14 may. 2025

Un deseo de paz

“¡La paz esté con todos ustedes!”. Esas fueron las primeras palabras del flamante papa León XIV desde la Logia de las Bendiciones de la Basílica de San Pedro el jueves pasado. En un contexto de tanta violencia, de guerras que destruyen vidas, del narcotráfico que está acabando con tantos seres humanos, y estos dos flagelos ensañándose especialmente con niños inocentes, considero que esa primera oración del Pontífice fue muy acertada.

Es más, ayer el Santo Padre volvió de nuevo al tema. “En el dramático escenario actual de una tercera guerra mundial en vilo, como ha afirmado repetidamente el papa Francisco, yo también me dirijo a los grandes del mundo, repitiendo el llamamiento siempre actual: ‘¡Nunca más la guerra!’”, expresó el reciente obispo de Roma.
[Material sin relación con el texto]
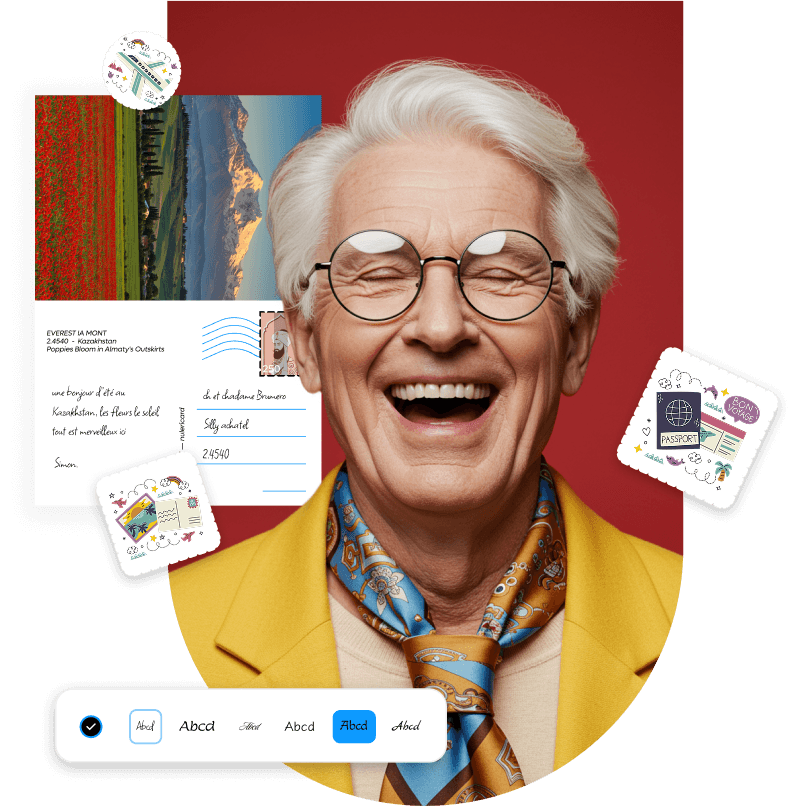 Image utilisateur heureux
Es un planeta muy deshumanizado en el que vivimos. Caminamos anestesiados, ciegos a los dolores de los demás, en una sociedad profundamente dividida entre ricos y pobres, entre quienes tienen un poco más y quienes no. Para ilustrar un poco esta realidad, me remitiré a la descripción de un par de hechos observados últimamente (no los escribo todos por no llenar el espacio, aunque en efecto no alcanzarían libros), los cuales deberían provocar estupor, pero se han convertido en parte de la cotidianeidad asuncena.
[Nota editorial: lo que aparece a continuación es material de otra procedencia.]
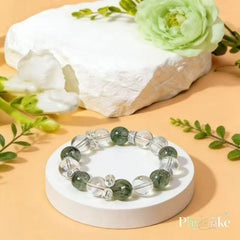 The Manifest Ray — Clear Quartz & Green Rutilated Quartz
Por un lado, en la vereda de una calle que lleva el nombre de un connotado docente paraguayo, vi a una niña (tendría cinco años más o menos), caminando a una distancia de aproximadamente cien metros de quien probablemente era su madre. La pequeña iba de casa en casa pidiendo monedas y algo más. Llegó a una vivienda con timbre, donde presionó varias veces hasta que apareció un hombre. El individuo lanzó improperios contra la niña, furibundo y gritando, entre otras cosas: “¡No toques más el timbre así! ¡No te voy a dar nada!”. Ella bajó la cabeza, no dijo palabra, y siguió caminando. No comprendo cómo alguien puede tratar así a otra persona, y menos a una niña. Tampoco entiendo cómo una madre puede exponer de esta manera a su diminuta descendiente. Pudo haber sido peor, pero quedó en ese repulsivo maltrato verbal.
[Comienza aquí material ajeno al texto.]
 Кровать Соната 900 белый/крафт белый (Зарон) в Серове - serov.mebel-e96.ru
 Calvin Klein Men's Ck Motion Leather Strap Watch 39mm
Otro día, a metros de la Catedral Metropolitana de Asunción, frente a un conocido bar capitalino, en plena calle, un hombre se arrastraba para trasladarse de un lugar a otro. El sujeto no podía caminar. Ya lo había visto en otras ocasiones, pero todavía andaba a dos pies. Nadie parecía mirarlo. Los vehículos pasaban esquivándolo para evitar una tragedia mayor.

Estas escenas hoy son comunes en la capital del país, una ciudad arreciada por el consumo de drogas y sus víctimas. En la misma semana, leía un titular donde se reconocía que el Gobierno asumió el fracaso del plan Sumar “en la lucha contra las drogas y reajusta su estrategia”.

No puede haber paz sin salud, sin educación, sin seguridad, sin trabajo. Lo dijo también León XIV, alertando del porvenir: “Hoy la Iglesia ofrece a todos, su patrimonio de doctrina social para responder a otra revolución industrial y a los desarrollos de la inteligencia artificial, que comportan nuevos desafíos en la defensa de la dignidad humana, de la justicia y el trabajo”.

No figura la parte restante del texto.